We Play Wax launched on November 1, 2013, as an online musical exhibition dedicated to the most enduring audio medium of all time: vinyl. In less than two years, WPW has grown steadily from its humble origins as a casual record reviews site to a more robust, fully realized page – replete with in-depth artist interviews and a monthly podcast – that has also expanded into streaming radio and occasional event production. This June, WPW takes the next big step towards world club domination with a long-planned and carefully-crafted vinyl release.
Dropping on the first day of summer, 'In the Beginning' is WPW the label’s debut, one that joins together two highly creative producers for a custom-designed, DJ-friendly 12” that sees both artists remixing one other’s original tracks.
Known for the deep, analogue, modern house characteristics of his south Italian heritage, Giovanni Damico opens the release with ‘Satellite’, a rich blend of acoustic percussions, strummed strings, caressing synths, and glistening melodies. The special guest featured is Chicago’s Keter Darker whose warm, saturated, spoken word vocals add a strong narrative element to the track. Tomson, Manchester’s finest house head, smooths things out with his dance-ready version, enhanced with a flowing stream of celestial synth strings, effervescent pads, thick basslines, and steady kicks, hats, and claps. As you’d expect, Keter’s warm, human touch carries through from the original, his storytelling as evocative as ever.

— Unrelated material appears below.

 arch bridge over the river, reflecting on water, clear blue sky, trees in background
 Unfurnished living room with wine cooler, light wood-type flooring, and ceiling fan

The flipside starts on an energetic note, courtesy of Tomson, whom we just met. ‘The Nod’ is a relentless journey through tight kicks, swinging percussion, groovy bass synths, playful keys, and magnificent pads. The icing on the cake comes in the form of some clever cutting and sampling of Lauryn Hill’s wisdom speech from the turn of this millennium. Taking it a couples notches deeper, Giovanni Damico concludes the inaugural release with his enthralling take on Tomson’s original. Employing the creative use of sustained pads, oscillating synths and eerie melodies, and delaying the vocals and looping certain percussion elements, Giovanni skillfully raises tension to yield an ideal late-night crowd-pleaser.